Traders expect rates against the Euro to dip below the €1.10 Interbank rate by the end of this week, according the currency specialists FC Exchange.


UK data released this week has been weaker than usual – particularly in the case of the export and unemployment figures.

This coupled with the Euro flattening out a freefall after speculation on EU banks taking losses from Russian loans and the US Dollar gaining short-term strength after the Senate passed the stimulus package, means Sterling will suffer yet again.
 
Daniel Wray, Senior Currency Broker at FC Exchange comments: “It’s been a busy few days in the currency markets and already today we can see Sterling trying to recoup some of the losses it made this morning. However, with the inflation report expected to show a more negative outlook, Sterling may not be able to hold up.
 
“The gains we’ve seen against the US Dollar have unfortunately been short-lived.
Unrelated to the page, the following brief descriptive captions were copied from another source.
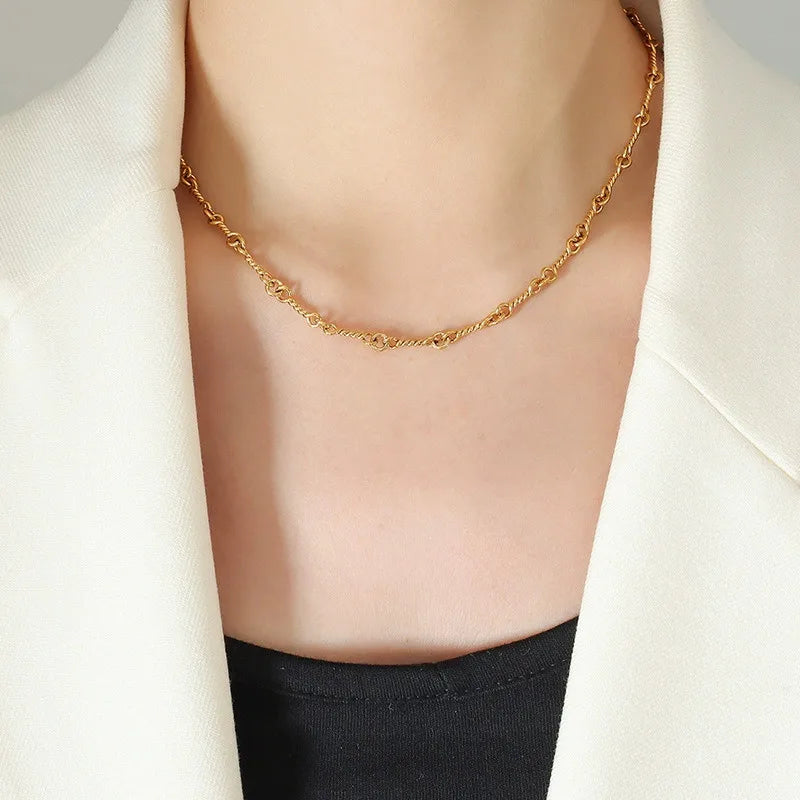 Liora Set – Bold. Irregular. Unapologetically Chic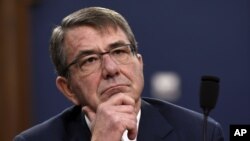 Menteri Pertahanan AS Ash Carter telah lama ingin membatalkan larangan orang transgender berdinas di militer.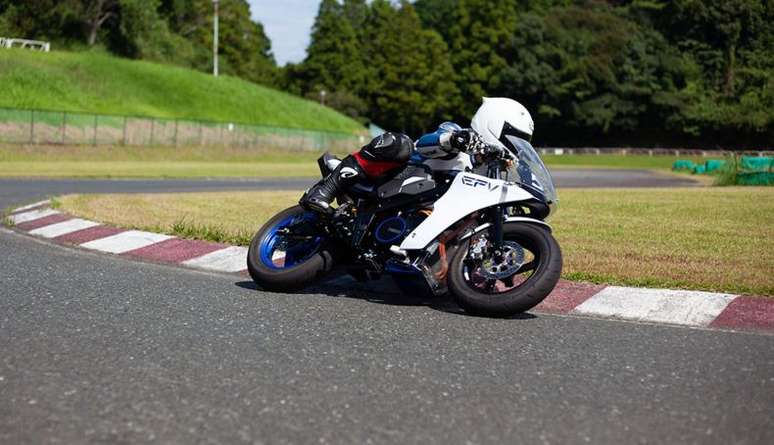 Yamaha E-FV, a motocicleta elétrica que parece a gasolina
We can expect to see short-term strength in the Dollar and whilst it is a good time to sell them, the next few moths will see the currency weakening, allowing Sterling to come back into play.”
 
Sterling is currently held at $1.43 against the US Dollar, while against the Euro, Sterling is at €1.10 – both down over one percent from market open this morning.
 
Wray continues: “How Sterling performs against the Euro will be shaky until the ECB interest rate decision, when it is more than likely we’ll see the Bank cut rates to keep in line with other central banks. On the flip side, this may cause strengthening of the Euro, ultimately making Euro purchases more expensive.”